CBRE is more than 20 offices into a companywide initiative, called Workplace 360, through which it’s converting every branch into “address-free” locations without assigned desks or cubicles, and with fewer workstations altogether. The brokerage is saving big on real estate: Its Los Angeles office had 191 people in 61,000 square feet in 2013. Today, it has 250 people in 48,000 square feet.

CBRE managed the transformation by ditching the old way — counting heads, listing positions and assigning cubicles or offices — and asking pointed questions about how employees operate today. One of the biggest findings? Thanks to technology and the collaborative nature of their work, employees were using their assigned space just 51 perent of the time. The rest of the time, they were in a conference room, at a colleague’s desk, out with a client or traveling.

“They were working in a variety of ways because they had the technology to support that,” Moore said. “We were spending a lot of money on real estate that was not being used all the time.”

So the company surveyed employees on needs and wants, and borrowed some ideas from CBRE colleagues in European and Australian offices. The end result is what Moore called “activity-based working.” It relies on flexible spaces that employees can rotate through and plug into anytime, as well as “neighborhood” clusters in which people working on a project can camp out for a while.

CBRE is overhauling every U.S. office with the concept as its leases come up for renewal.

There can be upfront costs to the switch, Moore said. New technologies aren’t always cheap. It balances out, though, because CBRE is using less space. The money the brokerage saves on real estate is being invested in upgraded technology, training and services, Moore said. One example: The brokerage brings in locally brewed coffees for employees who wanted to experiment with unusual regional flavors.

“For every business, there’s that low-hanging fruit — those small ways in which you tell employees their opinion matters,” Moore said.

It’s an idea CBRE will apply to its 90-employee Las Vegas office when the lease on its space inside HC|The Hughes Center is up in the next few years, Moore said.

Local brokers will use the refashioned office as a model for tenants and developers interested in maximizing space, said Randy Broadhead, a senior vice president with CBRE Las Vegas.

Workplace 360 and concepts like it are “the natural next step” beyond today’s open-office trend, Broadhead said.

“People have to be more forward-thinking about how they lay out space, how to make it more efficient, and how to embrace new technologies,” he said.

In its flexible nature and emphasis on technology, activity-based working looks like coworking, a decade-old movement in which entrepreneurs, independent contractors and other unaligned professionals share space in one office.

Downtown Project’s Work in Progress is one local example. In the 10,000-square-foot center at 317 Sixth St. in downtown Las Vegas, 160 regular members and several corporate groups of five to 10 members come and go from 88 workstations and half a dozen team rooms. The $200 monthly lease also comes with startup services including workshops, lunch-and-learn events and mentoring.

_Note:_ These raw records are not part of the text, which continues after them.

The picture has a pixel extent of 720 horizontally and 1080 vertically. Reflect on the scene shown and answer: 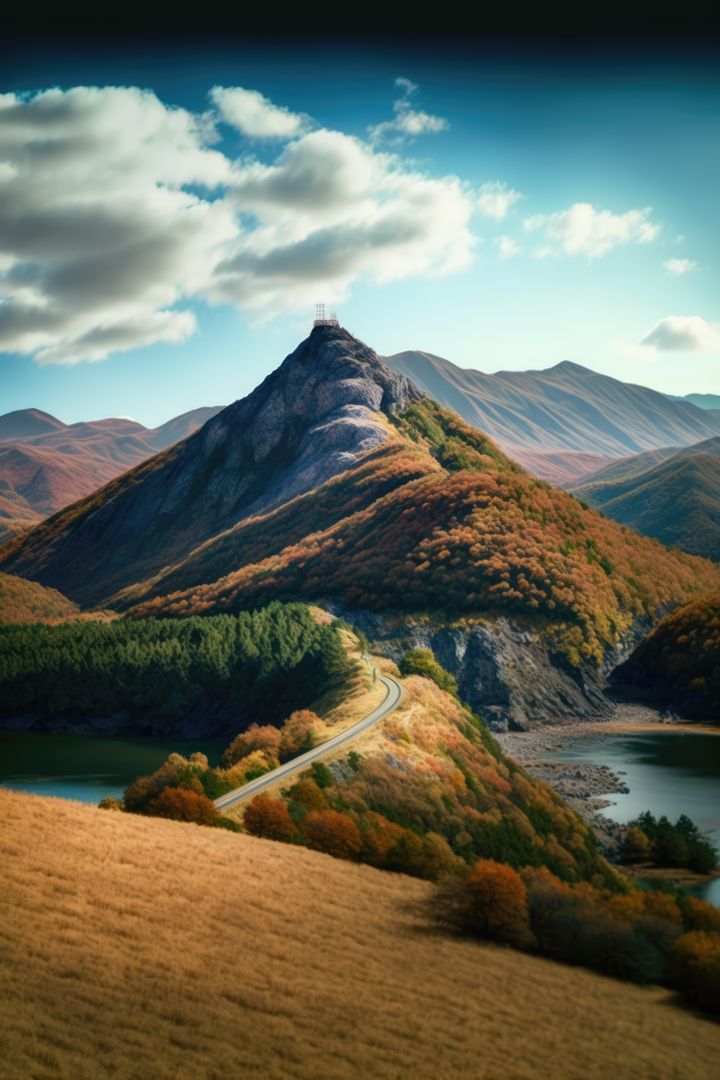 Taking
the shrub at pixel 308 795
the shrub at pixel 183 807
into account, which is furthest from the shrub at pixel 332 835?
the shrub at pixel 308 795

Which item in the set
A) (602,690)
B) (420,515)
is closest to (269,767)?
(602,690)

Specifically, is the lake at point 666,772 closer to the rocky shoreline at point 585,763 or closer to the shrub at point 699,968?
the rocky shoreline at point 585,763

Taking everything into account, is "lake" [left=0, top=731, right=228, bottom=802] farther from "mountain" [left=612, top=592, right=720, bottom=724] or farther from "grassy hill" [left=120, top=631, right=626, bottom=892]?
"mountain" [left=612, top=592, right=720, bottom=724]

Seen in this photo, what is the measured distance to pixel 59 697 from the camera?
134 meters

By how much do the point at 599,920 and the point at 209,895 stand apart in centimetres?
1887

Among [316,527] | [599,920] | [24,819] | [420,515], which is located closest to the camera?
[24,819]

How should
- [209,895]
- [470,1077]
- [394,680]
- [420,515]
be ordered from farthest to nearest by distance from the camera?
1. [420,515]
2. [394,680]
3. [209,895]
4. [470,1077]

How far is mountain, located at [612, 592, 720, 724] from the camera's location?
483ft

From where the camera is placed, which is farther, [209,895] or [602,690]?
[602,690]

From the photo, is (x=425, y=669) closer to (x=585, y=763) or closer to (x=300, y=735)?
(x=585, y=763)

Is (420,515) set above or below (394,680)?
above

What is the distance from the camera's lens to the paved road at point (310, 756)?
60.9 meters

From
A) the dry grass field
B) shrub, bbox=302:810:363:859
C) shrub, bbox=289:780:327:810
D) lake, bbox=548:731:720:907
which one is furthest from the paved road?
lake, bbox=548:731:720:907

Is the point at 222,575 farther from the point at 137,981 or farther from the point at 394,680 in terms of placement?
the point at 137,981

It’s the most affordable option for startups that need to stay lean and control expenses, said George Moncrief, director of Work in Progress and entrepreneur in residence for Downtown Project’s Vegas Tech Fund.

But established businesses are also embracing the footloose concept. Internet radio provider Pandora has a small sales staff stationed in the office. On-demand delivery service Postmates coordinates drivers from the space, and rideshare business Uber is kicking the tires on Work in Progress if it can get its legal issues patched. Law firm Fennemore Craig has a membership, too.

“It makes a lot of sense. To set up an entire office for one or two employees is wasteful,” Moncrief said.

Traditional offices are also passé, Moore said.

“The people-warehousing approach of creating a big, open space, jamming in a lot of cubicles and putting people to work won’t last, especially with the war for talent,” she said.